EXERCISE DATA.
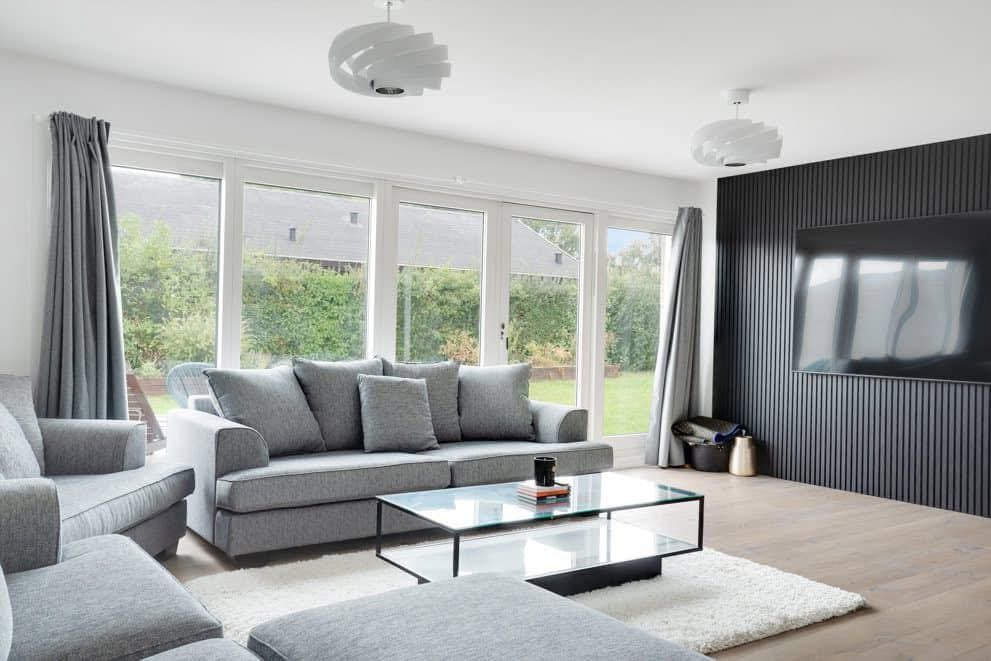 Stue med grå sofaer, store vinduer og sort rillevæg med tv
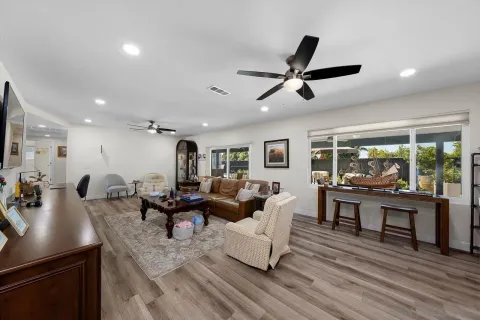 a living room with furniture and a large window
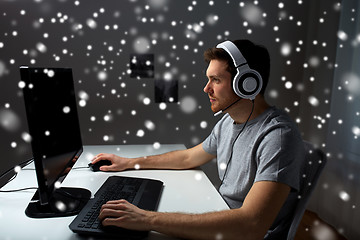 Image showing man in headset playing computer video game at home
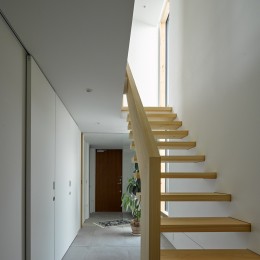 一階廊下．ヒノキ無垢材の階段と土間の連続のようなタイル床の対比 (目黒の家〜天空光を取り込む家〜)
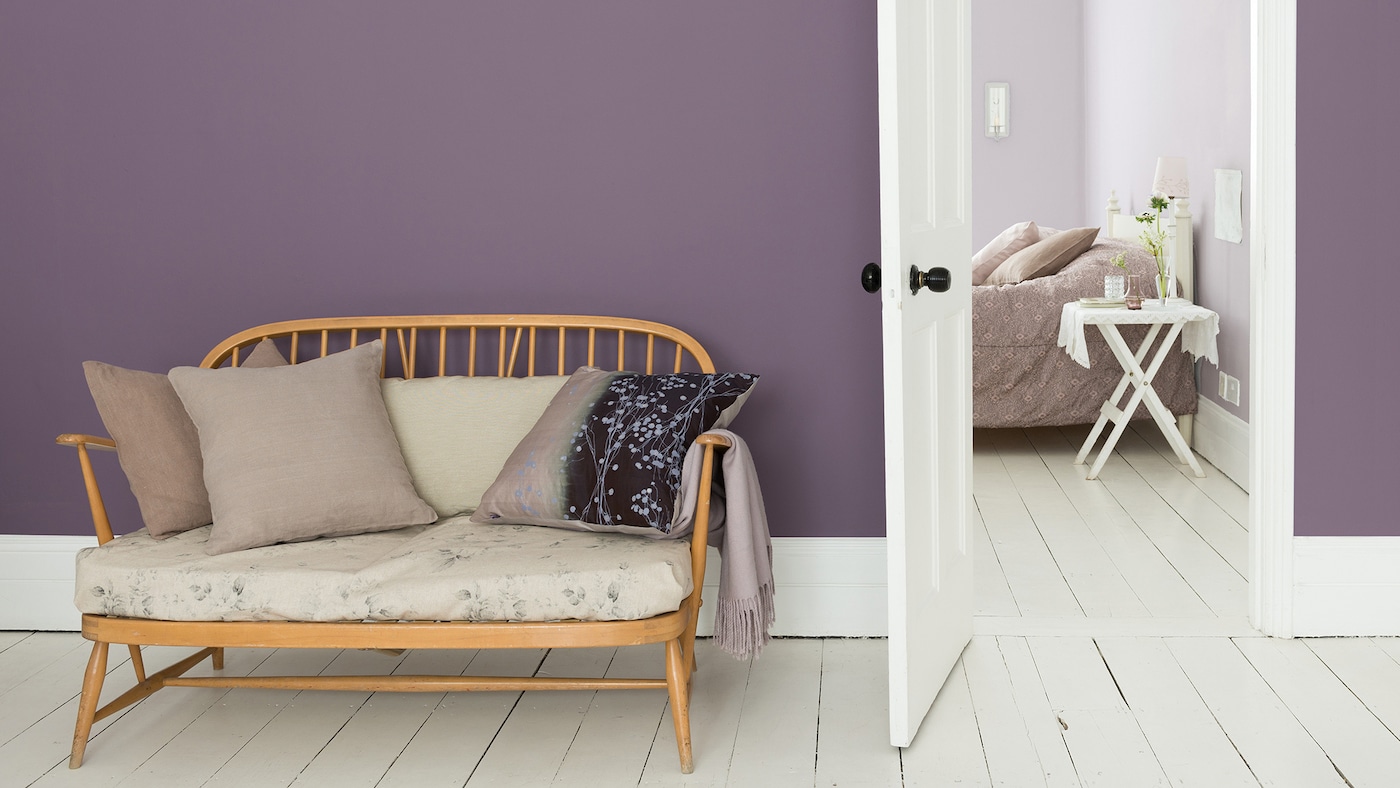 Make a bold statement in the hallway with a purple and white colour scheme.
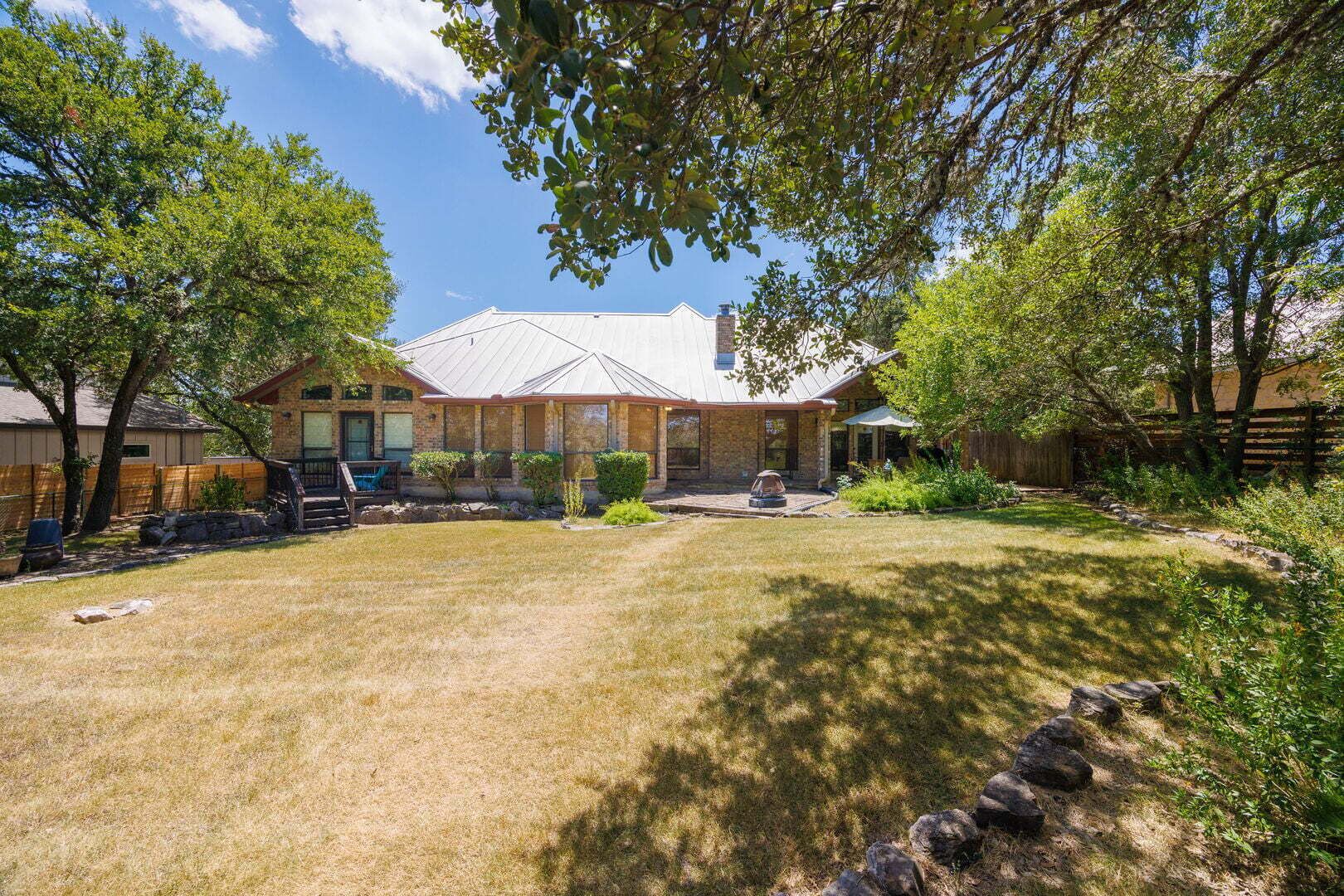 A residential property with a well-maintained lawn, a patio area, and a house with a brick exterior and a metal roof.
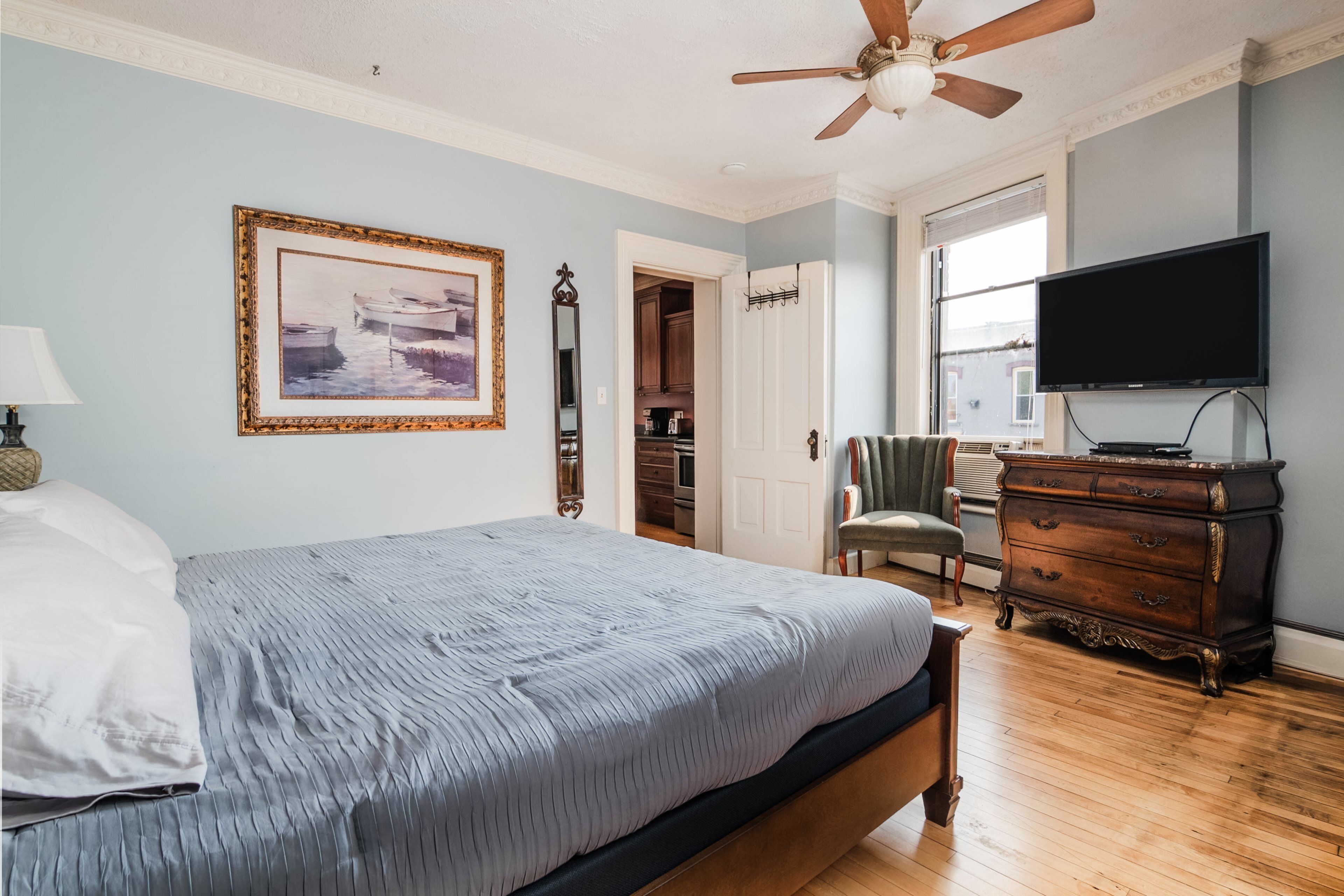 A bedroom with a bed, a ceiling fan, a dresser, a television, and a framed picture on the wall.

AIM OF THE EXERCISE.
What you return should be the exact lines from the one containing "一階廊下．ヒノキ無垢材の階段" through the end of the listing above, both included, minus any pictures.

TASK ANSWER.
 一階廊下．ヒノキ無垢材の階段と土間の連続のようなタイル床の対比 (目黒の家〜天空光を取り込む家〜)
 Make a bold statement in the hallway with a purple and white colour scheme.
 A residential property with a well-maintained lawn, a patio area, and a house with a brick exterior and a metal roof.
 A bedroom with a bed, a ceiling fan, a dresser, a television, and a framed picture on the wall.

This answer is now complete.